START SUPPLIED MATERIAL
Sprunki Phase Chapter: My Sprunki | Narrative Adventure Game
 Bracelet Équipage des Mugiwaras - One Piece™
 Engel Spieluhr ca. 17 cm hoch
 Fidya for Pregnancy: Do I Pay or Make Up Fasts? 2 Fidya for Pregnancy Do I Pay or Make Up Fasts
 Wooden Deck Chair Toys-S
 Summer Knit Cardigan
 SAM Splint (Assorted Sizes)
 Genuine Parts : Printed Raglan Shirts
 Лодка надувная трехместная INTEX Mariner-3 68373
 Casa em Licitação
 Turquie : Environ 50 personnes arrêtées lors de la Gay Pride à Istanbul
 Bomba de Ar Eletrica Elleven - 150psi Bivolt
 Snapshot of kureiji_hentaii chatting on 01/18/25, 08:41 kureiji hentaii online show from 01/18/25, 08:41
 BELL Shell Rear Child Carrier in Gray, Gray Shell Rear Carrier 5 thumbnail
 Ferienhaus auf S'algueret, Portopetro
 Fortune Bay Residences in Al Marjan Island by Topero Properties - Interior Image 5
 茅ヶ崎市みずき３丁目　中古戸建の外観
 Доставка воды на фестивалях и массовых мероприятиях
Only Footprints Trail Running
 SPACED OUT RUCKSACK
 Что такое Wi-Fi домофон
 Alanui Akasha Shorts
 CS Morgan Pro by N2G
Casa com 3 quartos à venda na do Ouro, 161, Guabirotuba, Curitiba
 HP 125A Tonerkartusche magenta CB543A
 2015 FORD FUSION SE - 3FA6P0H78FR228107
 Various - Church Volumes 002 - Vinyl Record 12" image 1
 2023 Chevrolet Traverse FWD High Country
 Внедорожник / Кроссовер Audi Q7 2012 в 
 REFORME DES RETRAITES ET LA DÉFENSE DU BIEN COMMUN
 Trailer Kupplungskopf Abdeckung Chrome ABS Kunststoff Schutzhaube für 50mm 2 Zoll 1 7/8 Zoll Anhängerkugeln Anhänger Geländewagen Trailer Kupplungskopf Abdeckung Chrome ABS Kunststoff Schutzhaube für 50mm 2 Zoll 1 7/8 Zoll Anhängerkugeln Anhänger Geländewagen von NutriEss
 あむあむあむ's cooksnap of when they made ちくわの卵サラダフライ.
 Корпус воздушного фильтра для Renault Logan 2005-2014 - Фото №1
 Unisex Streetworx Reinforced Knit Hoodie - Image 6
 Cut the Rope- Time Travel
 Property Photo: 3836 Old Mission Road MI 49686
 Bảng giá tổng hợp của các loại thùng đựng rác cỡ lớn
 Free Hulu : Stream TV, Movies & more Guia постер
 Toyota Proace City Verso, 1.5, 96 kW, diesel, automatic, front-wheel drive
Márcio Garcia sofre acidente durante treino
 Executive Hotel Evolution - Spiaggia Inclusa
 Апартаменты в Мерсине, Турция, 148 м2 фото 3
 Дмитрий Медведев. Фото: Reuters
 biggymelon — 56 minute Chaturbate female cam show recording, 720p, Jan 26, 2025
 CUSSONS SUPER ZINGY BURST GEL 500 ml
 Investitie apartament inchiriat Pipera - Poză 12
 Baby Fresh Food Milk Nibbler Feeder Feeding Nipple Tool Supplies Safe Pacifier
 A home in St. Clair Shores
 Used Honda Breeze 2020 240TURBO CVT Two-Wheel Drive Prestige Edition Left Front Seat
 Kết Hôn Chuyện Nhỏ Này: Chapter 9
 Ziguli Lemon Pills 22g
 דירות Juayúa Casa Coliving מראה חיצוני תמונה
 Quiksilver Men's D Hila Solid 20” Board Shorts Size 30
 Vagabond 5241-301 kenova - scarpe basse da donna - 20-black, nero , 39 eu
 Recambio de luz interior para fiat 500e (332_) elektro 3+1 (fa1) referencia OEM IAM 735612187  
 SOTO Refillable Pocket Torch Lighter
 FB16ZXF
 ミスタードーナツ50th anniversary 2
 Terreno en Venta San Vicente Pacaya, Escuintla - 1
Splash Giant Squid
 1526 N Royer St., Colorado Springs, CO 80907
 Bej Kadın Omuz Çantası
END SUPPLIED MATERIAL
* PROBLEM TO SOLVE:
Each line above that contains the word "Casa" should be copied.

* RESPONSE AREA:
 Casa em Licitação
Casa com 3 quartos à venda na do Ouro, 161, Guabirotuba, Curitiba
 דירות Juayúa Casa Coliving מראה חיצוני תמונה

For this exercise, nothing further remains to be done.